EXERCISE DETAILS: Look below for the line that contains "Halls of Torment Potions: Heal or Harm?" and the line that contains "L’art de tirer", then restate both of them and every line in between, exactly. No picture goes in the copy.

INFORMATION GIVEN:

──────

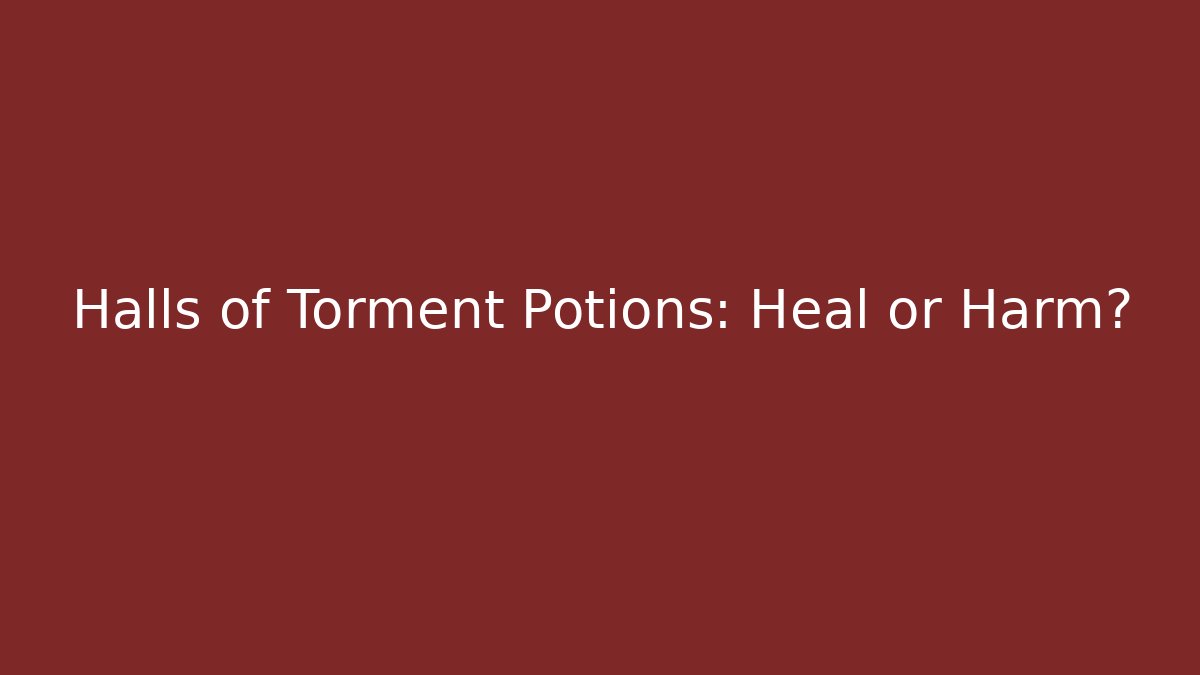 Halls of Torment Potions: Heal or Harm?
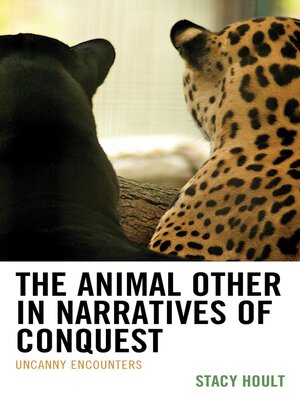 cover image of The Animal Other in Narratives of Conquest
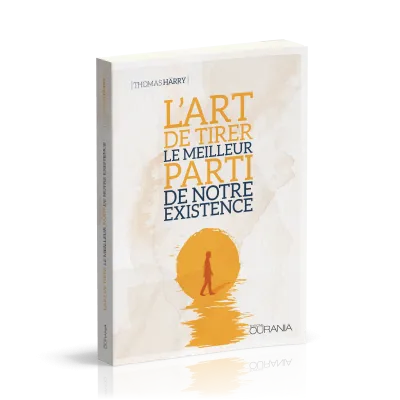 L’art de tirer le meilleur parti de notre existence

──────

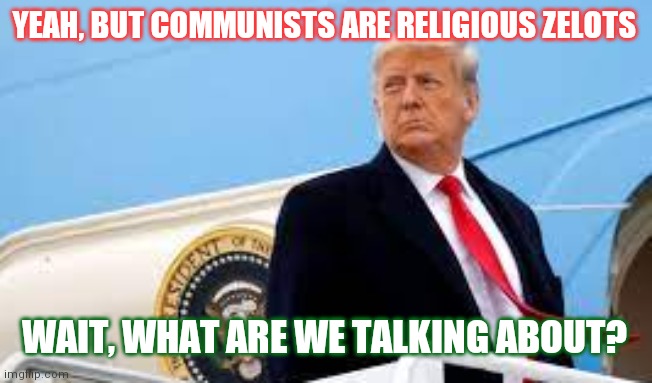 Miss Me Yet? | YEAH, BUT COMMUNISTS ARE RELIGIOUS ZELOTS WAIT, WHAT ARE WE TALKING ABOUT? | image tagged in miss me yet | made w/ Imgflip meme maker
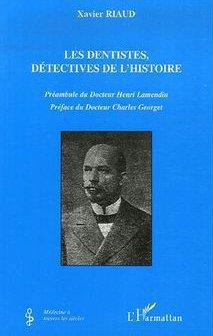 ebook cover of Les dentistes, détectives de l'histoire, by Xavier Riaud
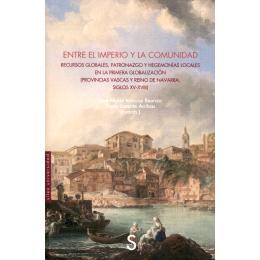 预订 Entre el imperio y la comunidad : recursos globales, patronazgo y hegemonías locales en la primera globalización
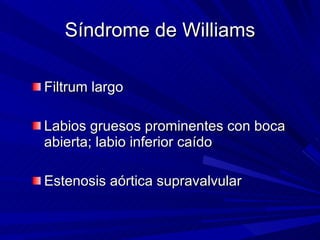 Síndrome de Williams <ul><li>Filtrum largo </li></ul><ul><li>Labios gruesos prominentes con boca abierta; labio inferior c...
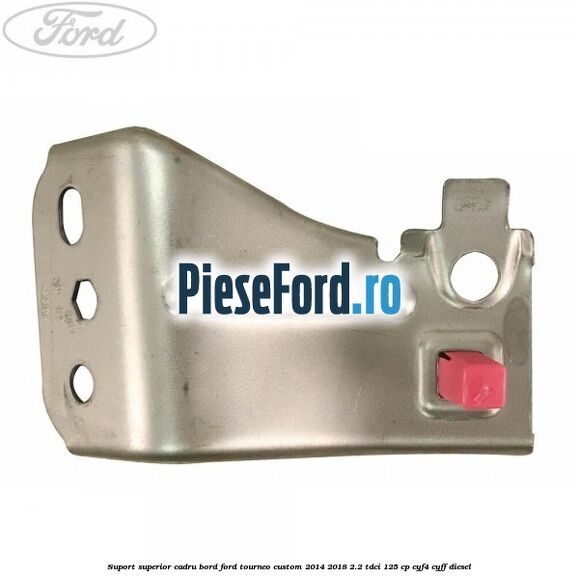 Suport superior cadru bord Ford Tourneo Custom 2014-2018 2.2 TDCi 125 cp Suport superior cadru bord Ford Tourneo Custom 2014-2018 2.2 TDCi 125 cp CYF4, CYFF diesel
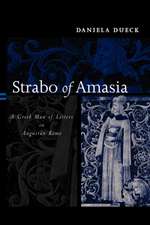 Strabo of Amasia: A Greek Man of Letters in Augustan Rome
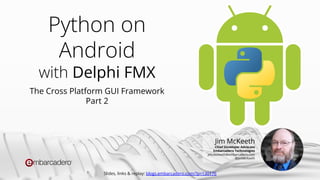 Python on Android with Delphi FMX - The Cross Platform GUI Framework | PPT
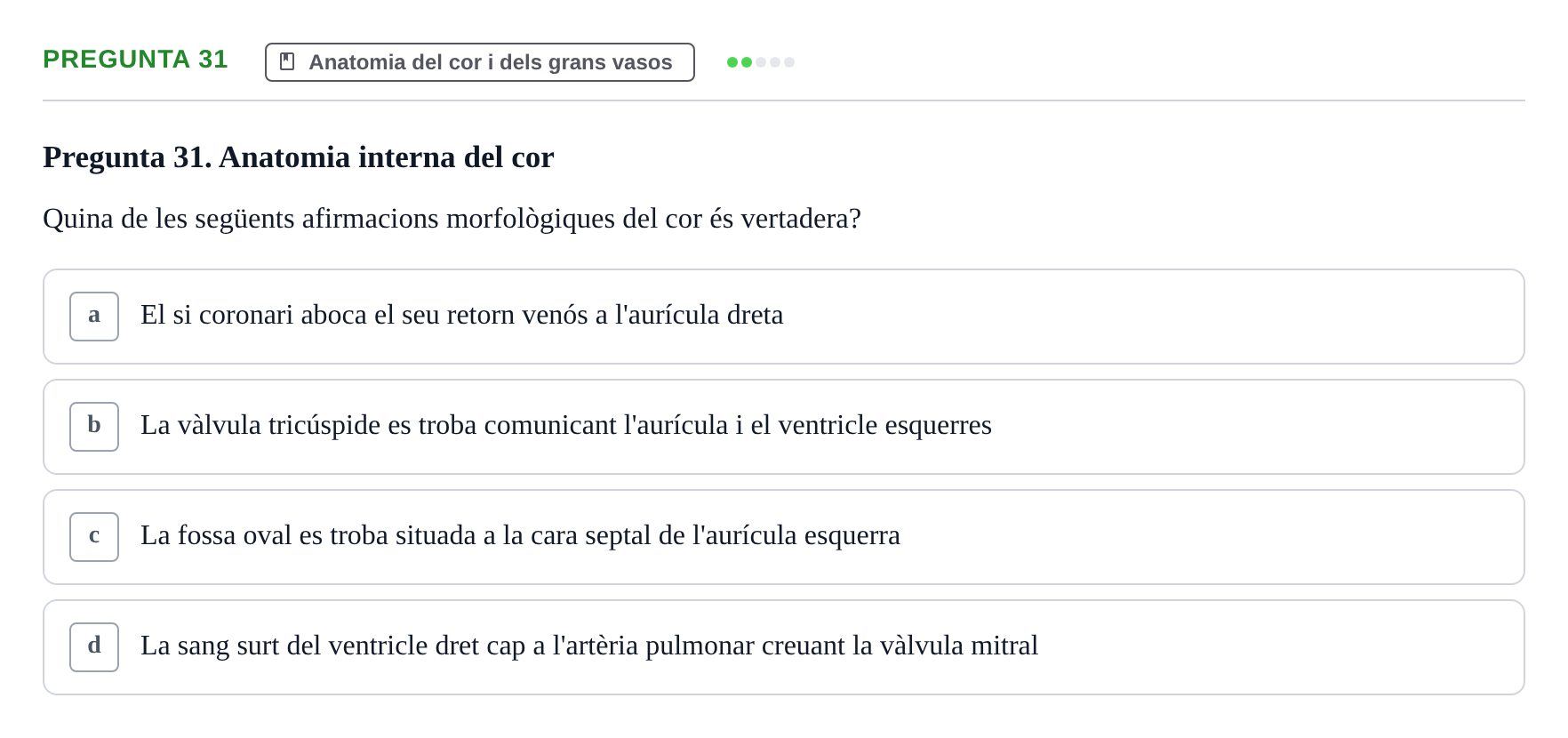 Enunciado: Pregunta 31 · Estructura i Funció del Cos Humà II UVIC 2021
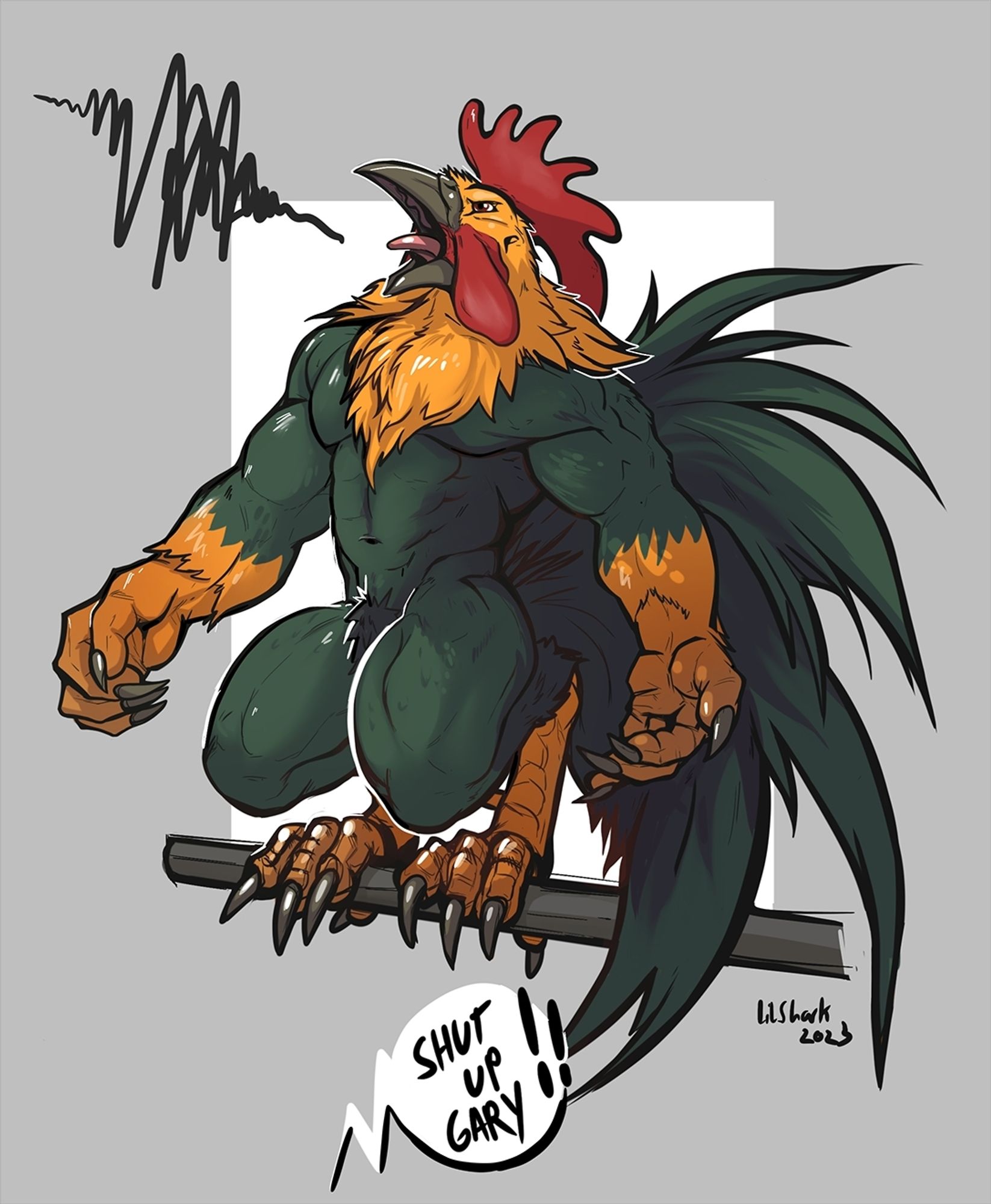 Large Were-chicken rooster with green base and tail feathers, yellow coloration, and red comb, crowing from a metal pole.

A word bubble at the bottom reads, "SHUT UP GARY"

──────

SOLUTION FOR THIS PROBLEM:
 Halls of Torment Potions: Heal or Harm?
 cover image of The Animal Other in Narratives of Conquest
 L’art de tirer le meilleur parti de notre existence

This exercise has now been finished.